* _Data records_
------------
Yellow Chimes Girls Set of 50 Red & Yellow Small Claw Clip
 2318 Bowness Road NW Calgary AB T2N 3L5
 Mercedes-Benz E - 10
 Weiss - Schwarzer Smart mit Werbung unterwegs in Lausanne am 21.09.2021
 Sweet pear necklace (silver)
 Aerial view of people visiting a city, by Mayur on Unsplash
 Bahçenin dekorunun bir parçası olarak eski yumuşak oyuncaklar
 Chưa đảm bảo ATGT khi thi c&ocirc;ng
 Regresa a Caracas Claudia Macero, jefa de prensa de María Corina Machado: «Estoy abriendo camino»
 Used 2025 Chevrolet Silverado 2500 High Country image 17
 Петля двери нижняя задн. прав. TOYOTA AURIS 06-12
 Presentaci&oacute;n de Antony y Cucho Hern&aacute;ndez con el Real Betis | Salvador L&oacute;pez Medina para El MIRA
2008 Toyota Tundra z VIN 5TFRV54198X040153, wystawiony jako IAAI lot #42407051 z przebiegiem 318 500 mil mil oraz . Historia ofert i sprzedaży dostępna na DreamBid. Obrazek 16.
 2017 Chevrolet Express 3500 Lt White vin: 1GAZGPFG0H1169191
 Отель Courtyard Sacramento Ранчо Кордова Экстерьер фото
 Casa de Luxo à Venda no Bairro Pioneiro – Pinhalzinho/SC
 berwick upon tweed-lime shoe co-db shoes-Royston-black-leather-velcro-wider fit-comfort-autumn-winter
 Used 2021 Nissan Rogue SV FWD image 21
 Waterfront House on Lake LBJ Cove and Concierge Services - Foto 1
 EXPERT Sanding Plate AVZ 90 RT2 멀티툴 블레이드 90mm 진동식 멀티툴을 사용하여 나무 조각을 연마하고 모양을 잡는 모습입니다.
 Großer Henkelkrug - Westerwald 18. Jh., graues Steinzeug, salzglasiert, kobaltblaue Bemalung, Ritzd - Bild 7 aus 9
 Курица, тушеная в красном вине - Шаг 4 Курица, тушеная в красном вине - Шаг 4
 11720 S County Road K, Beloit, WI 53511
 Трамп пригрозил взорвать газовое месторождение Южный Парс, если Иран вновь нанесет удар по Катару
------------
Would you please copy exactly the part of the entries above that begins at the line containing "Петля двери нижняя" and ends at the line containing "Отель Courtyard Sacramento", both lines included?

 Петля двери нижняя задн. прав. TOYOTA AURIS 06-12
 Presentaci&oacute;n de Antony y Cucho Hern&aacute;ndez con el Real Betis | Salvador L&oacute;pez Medina para El MIRA
2008 Toyota Tundra z VIN 5TFRV54198X040153, wystawiony jako IAAI lot #42407051 z przebiegiem 318 500 mil mil oraz . Historia ofert i sprzedaży dostępna na DreamBid. Obrazek 16.
 2017 Chevrolet Express 3500 Lt White vin: 1GAZGPFG0H1169191
 Отель Courtyard Sacramento Ранчо Кордова Экстерьер фото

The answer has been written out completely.